Should you use the USD and USDZ 3D file formats?
If you're wondering whether you should use the USD, USDZ and USDA 3D file formats, the answer is that it depends on what you're using it for. There are pros and cons to consider.
|Ben Houston's Ultimate Guide to 3D File Formats|
|Part 1: glTF||Part 2: USD/USDZ||Part 3: FBX 3D||Part 4: OBJ 3D||Part 5: STEP||Part 6: glTF v. FBX 3D|
The USD, USDZ and USDA 3D file formats are three different names for a format designed by Pixar Animation for the transfer of rich 3D models and scenes.
The USD acronym stands for Universal Scene Description. While the USDZ extension variation just means that it is a zip-compressed USD file, hence the Z in the name. The less popular USDA extension variation means that it is a human readable text format, whereas the main USD and USDZ variations are binary encoded.
USD was originally designed to be used by professionals in the visual effects and computer animation industry for transferring around 3D scene information between different software tools. It wasn’t until Apple decided to adopt USDZ as its primary file format for all things 3D that USD became popular with everyday users.
As mentioned, Apple has adopted the USDZ 3D file format for packaging real-time 3D content for those developing iOS applications with 3D effects, and also web-based Quicklook AR experiences.
Wide Feature Support
The USD and USDZ formats, like the FBX file format, supports a rich and wide set of features. USD and USDZ supports 3D models, scene hierarchy, materials, lighting, animations, bones, skinning, and blend shapes. If you have data in a 3D editor that you want to transfer to another tool, it is very likely that USE and USDZ (if supported by your application) will be able to transfer that data accurately and easily.

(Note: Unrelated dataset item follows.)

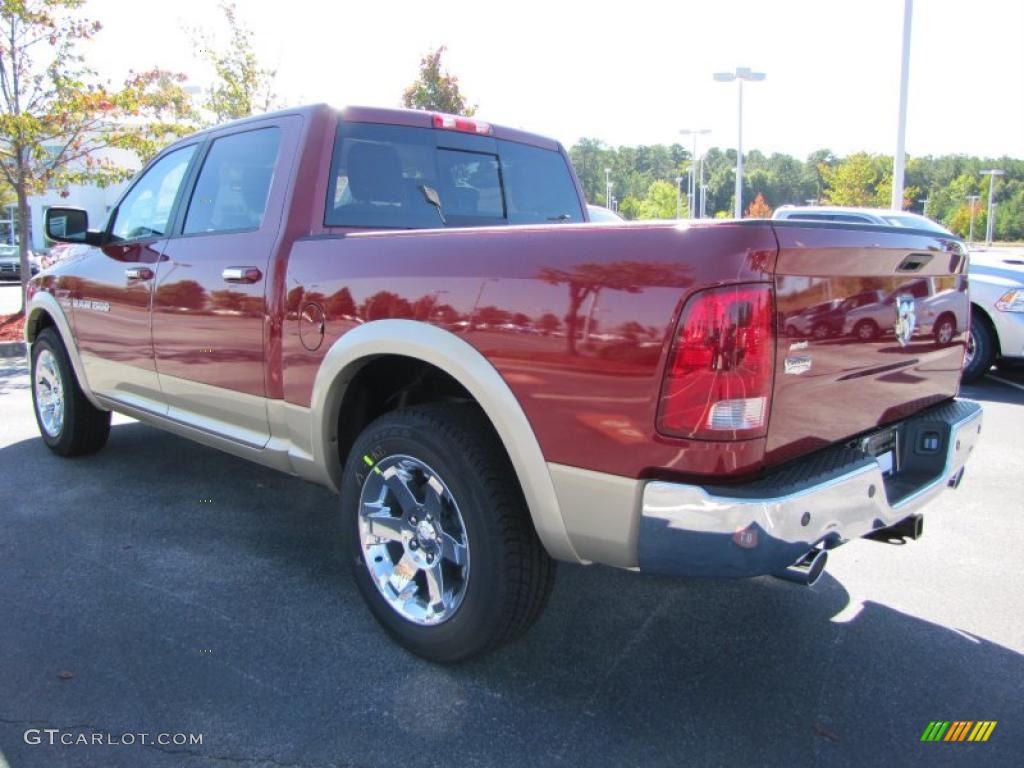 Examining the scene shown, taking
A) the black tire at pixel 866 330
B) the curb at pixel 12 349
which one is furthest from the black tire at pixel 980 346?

The most unique strength of the USD file format in comparison to all other 3D interchange formats is that its supported features are very modern. Pixar Animation is the leading 3D animation studio, and its design for USD is nearly perfect for its needs. USD supports the latest physically-based material and lighting definitions. It also does not have legacy baggage of features that used to be popular decades ago but generally are not used today, like FBX’s support for NURBS surfaces
Separate Position, UV and Normal Topologies
A strength of the USD and USDZ 3D file formats is that they enable the storage of position, UV, and normal data that have different topology. This is great for high-quality modeling tools, and enables complex features like accurate subdivision surfaces.
The USD file format, because it utilizes an efficient binary encoding, is fast to write and read. This is because when you store data as binary, it is faster to write and read it, as opposed to a text-based format that must convert binary data to and from human readable numbers. It is also efficient in terms of space, because binary representations of numbers take up less space than human-readable numbers. Binary formats can often be complex if you need to read and write to them directly, but the USD SDK hides this completely from the user of the USD SDK.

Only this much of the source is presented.